The children have suffered immeasurably from starvation, abandonment, and sickness with no education and no hope.  The war destroyed over 80% of Liberia’s schools. The recent Ebola epidemic further weakened Liberia’s infrastructure and took many lives. Leaving many women alone, homeless and without resources to provide for their children.

According to GirlUp, a non profit founded by the United Nations Foundation, more than 40% of Liberian girls aged 10-14 have never gone to school. Unfortunately, young girls fall victim to the most frequently reported crime in Liberia, rape or prostitution.

There comes a point that you must stand up and offer a hand to another woman in need.  


A Letter from Our Founder

Bulleh Bablitch-Norkeh - Founder of Girl Power Africa


Hello Friends,

Here is a little about my very beautiful, but complicated story.

I was born in Liberia by a Liberian mother and a Peace Corps volunteer father, Justice William Bablitch from Wisconsin. My father took me to Wisconsin in 1981 where I attended high school in Oregon, WI and then went on to attend Madison College. I met my husband, Dr. Frederick Norkeh, in 1990. Together, we have 3 daughters. I worked as a mortgage banker for 16 years, spending 13 great years with Wells Fargo Home Mortgage. 

Back in 2006, the President of Liberia, (the first female president in Africa) called on my husband to come to Liberia to help with the new government that was rebuilding after 14 years of civil war. He came and I stayed back in the states with the kids. After a few years of being apart, I could no longer handle the space between us and in 2009, I sold our house and we moved to Liberia, West Africa!

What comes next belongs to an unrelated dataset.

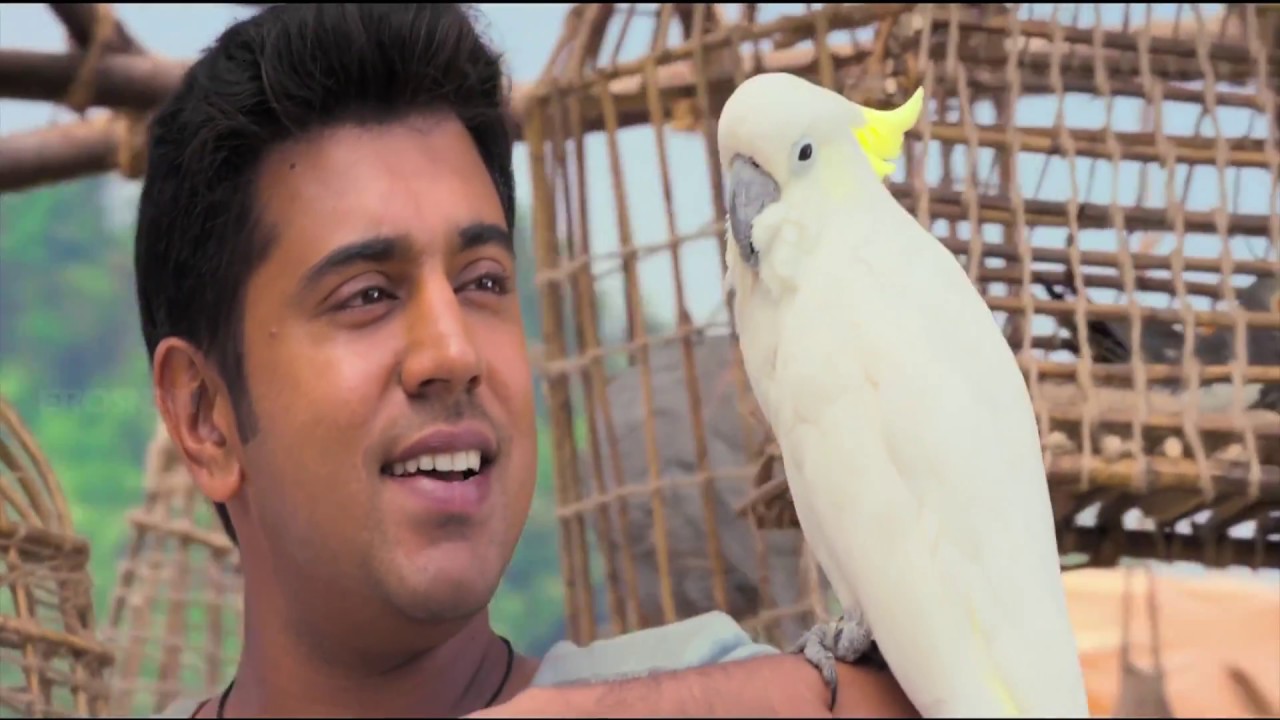 Kalariyadavum Full Video Song  Kayamkulam Kochunni  Nivin Pauly  Priya Anand 4K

Getting settled, meeting the women of Liberia and hearing their horrific stories of war-torn tragedies, rape, prostitution, beatings, hunger, homelessness and hopelessness, I realized I had to stand up and help.

I've been helping girls and women who are in the most hopeless of situations.

I decided that the best way was to offer a hand up and not a hand out.  I help to empower these women by giving them goods to sell. The goods are 100 percent free of charge for them with no strings attached. The only requirement is that they must check in with me monthly with their progress. This project has grown and word is out on the effectiveness of this program. Now I have more demand than what my pocket can produce. That's when I started asking my friends and family to please join me, and Girl Power Africa was born. 

This is very grass roots, I am a total amateur at this, but maybe that's why God put me here.  Many times, I've wondered what in the hell am I doing here so far from my grown children who are back in the states and I do miss all the comforts of America, but it's all starting to make sense as I watch these women succeed. Their stories are so powerful and profound.  

I have the advantage of having grown up in America and have some great friends and family there that have helped to make this happen and get the word out. Also, with my Liberian connection and being able to speak their language, the women open up to me easier. It’s the best of both worlds. 

I’m so proud to announce we are now an official non-profit organization, who knew we would be where we are today!

Thank you for joining me on this journey! Girl Power, making the world a little better, One Girl at a time!